The Career Insights Program lets you explore careers in major global industry hubs. The Media and Journalism Summer track is designed for you to explore journalism through a mix of structured learning and hands-on work in a global media setting. Across two weeks, you engage with topics like reporting, media ethics, and digital storytelling while working on practical projects. Sessions are led by journalists and academics who bring real industry insight into the classroom.

You take part in workshops, group discussions, and a personal project that lets you develop your own voice. The small class size means you receive consistent feedback and guidance. By the end, you build both confidence and a clearer understanding of how modern media operates. You can find more details about the application here.

Why it stands out: You’ll gain direct industry exposure, build a professional network, and receive a certificate you can include in your college applications and work profile.

3. LA County Arts & Culture – Get Lit – Words Ignite Communications Intern 

Location: Los Angeles, CA
Stipend: Paid, amount not disclosed
Dates: June 15th – August 7th
Application Deadline: Rolling basis
Eligibility: Rising public high school seniors in Los Angeles County; live and attend public high school in the San Fernando Valley, Metro Los Angeles, or South Los Angeles and entering senior year in the fall; able to work legally in the U.S.; not a current or former employee of the worksite nor a relative of its employees, board members, or officers; not open to international students

As a Communications Intern at Get Lit – Words Ignite, you work alongside the Chief Growth Officer and other communications staff to create and update social media content and strategies across Instagram, Facebook, X/Twitter, and LinkedIn. You set up a content calendar, write original copy for status updates and stories, build Get Lit’s photo library, design other visuals, research potential new network members, and collect analytics.

During the summer, you help implement the organization’s annual summer fundraising campaign via social media and support live fundraising events. Working within a small, tightly knit team, you may also pitch in on administrative tasks like filing and data entry.

Why it stands out: It hands you real ownership of social media content, strategy, and analytics across four major platforms while pairing the paid work with college-prep workshops, mentorship, and cultural field trips through a nationally recognized teen poetry organization.

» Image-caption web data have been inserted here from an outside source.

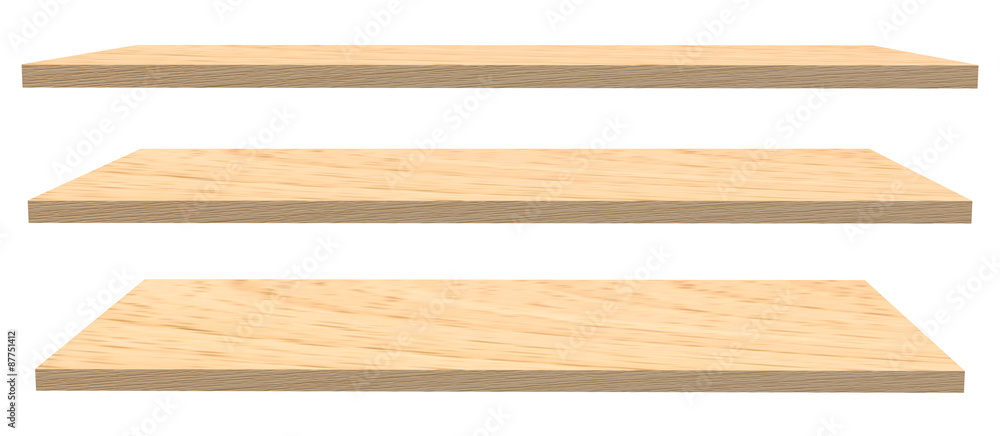 Fototapeta premium Wooden shelves isolated on white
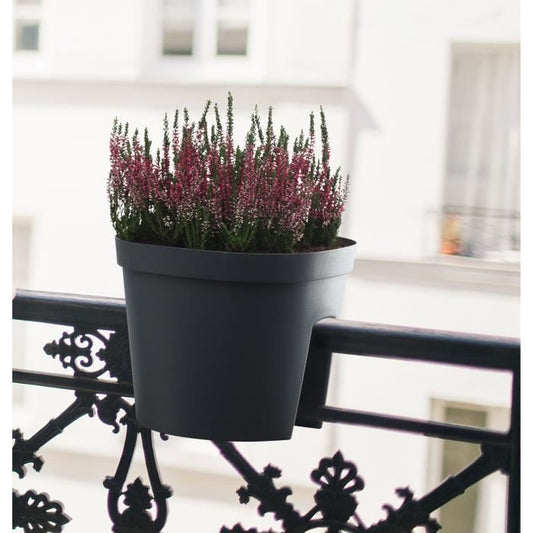 Balustrade pot - GARDEN ID Smile - Anth. 30 cm - Fits all balustrades - Water reserve - recycled and 100% recyclable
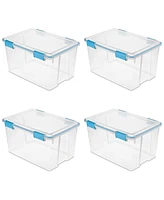 Sterilite 54 Quart Gasket Box, Stackable Storage Bin with Latching Lid, 4 Pack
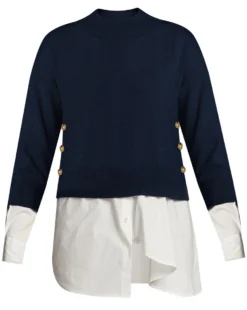 Veronica Beard Beri Mixed-Media Pullover Clothing 8 Veronica Beard Beri Mixed-Media Pullover Clothing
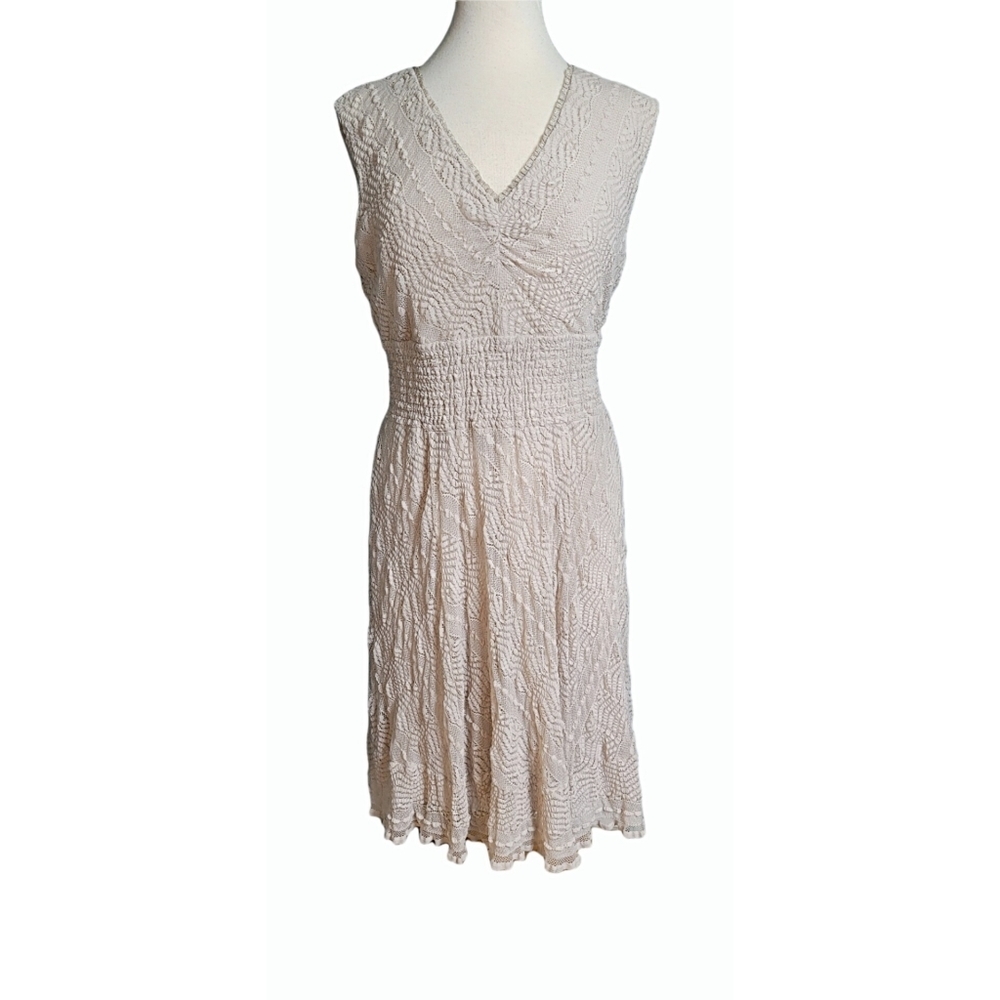 Rabbit Rabbit Rabbit Light Tan Sleeveless Textured Stretchy Dress Size Large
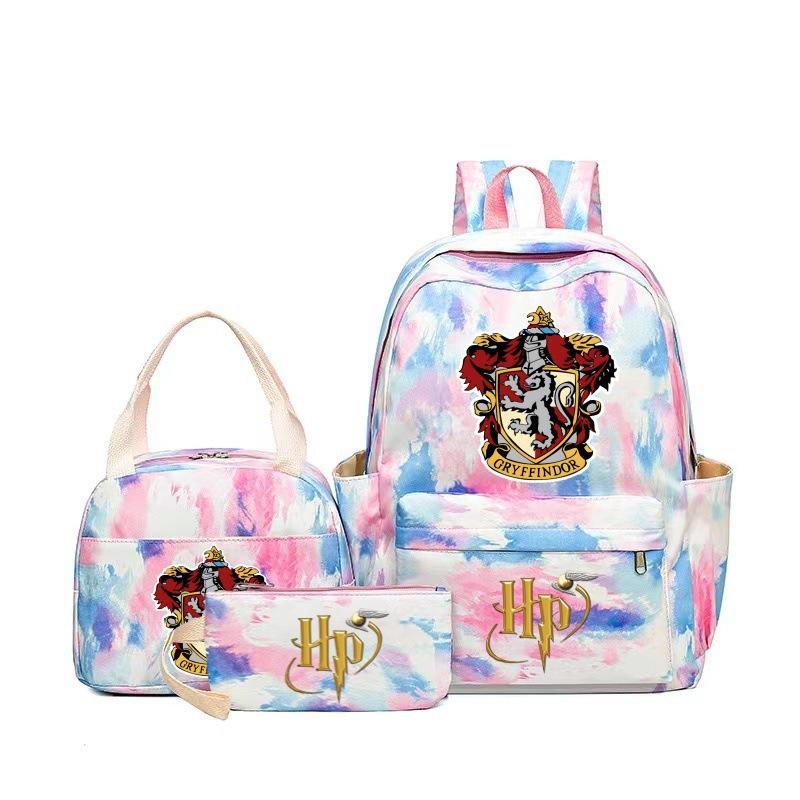 Large Capacity Schoolbag with Shoulder Strap; Student Three-piece Pencil Case Set
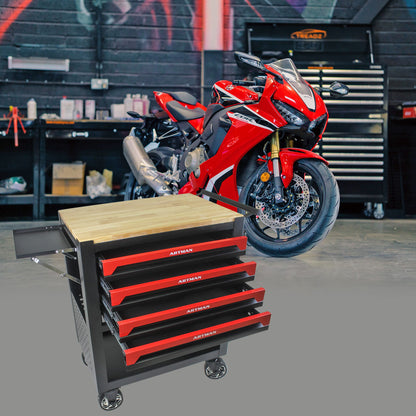 4 Drawers Multifunctional Tool Cart With Wheels And Wooden Top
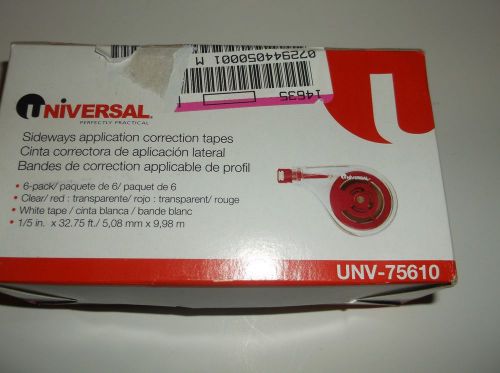 Universal Sideways Application Correction Tapes 6Pk.1/5&#034; x 32.75ft Red #UNV75610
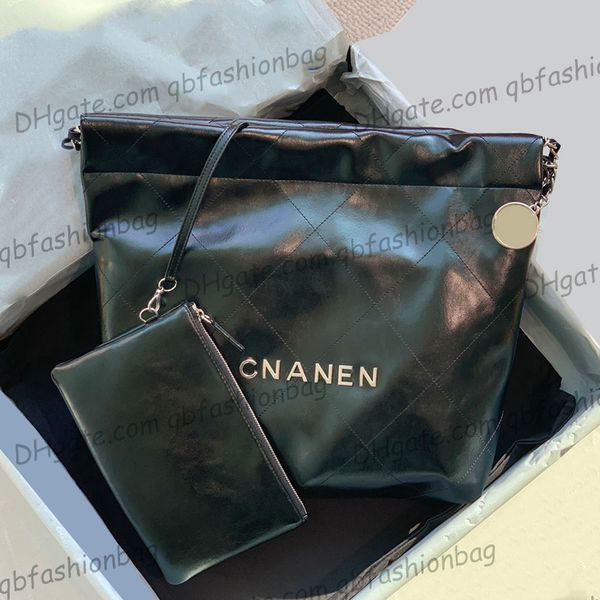 

designer channel bags for women black cc handbag leather chain slant shoulder clutch flap totes bag double letters solid hasp waist square s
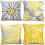 Conjunto de 4 capas de almofada decorativas amarelas de linho, 40x40 cm (16x16 polegadas) – Estilo rústico, boho, para áreas externas e 1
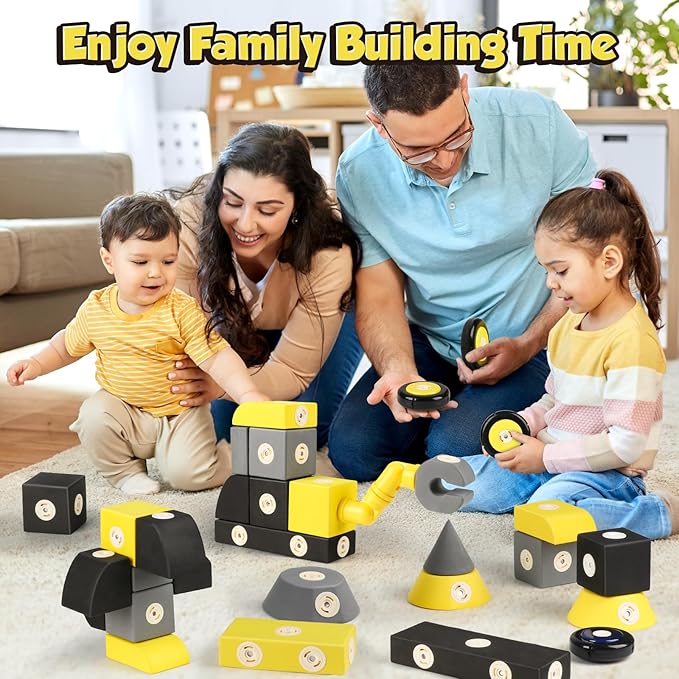 Joyfresh Foam Magnetic Blocks for Toddlers, 30pcs,Big Building Block for Kids 2 3 4 5 Years Old, Soft EVA Blocks Toys Gifts for Boys Girls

4. Internships with the ACLU of Georgia

Location: Atlanta, Georgia
Stipend: $15/hour (students ineligible to work in the U.S. may receive volunteer hours instead)
Dates: Spring, Summer, and Fall semesters; typically 12-15 weeks
Application Deadline: Rolling basis
Eligibility: High school students who have strong research and writing skills, high attention to detail, a passion for civil liberties, and the ability to commute to the Atlanta office; international students must verify that their visa status allows for off-campus volunteer/academic credit work and must be able to work in-person in Atlanta 

The ACLU of Georgia offers internships across several departments, including communications, legal, policy, community engagement, and voter access. Students interested in social media and digital communications can apply for the Communications Internship, where you’ll help share the organization’s work with the public through content creation and storytelling.

Responsibilities may include creating and editing videos, designing graphics, drafting social media posts, taking photos, and preparing articles for publication on digital platforms. You’ll gain hands-on experience working with platforms like TikTok and Instagram while learning how social media supports advocacy, public education, and community outreach. The internship also exposes students to issues related to civil liberties, voting rights, and social justice, providing a broader context for the content they create.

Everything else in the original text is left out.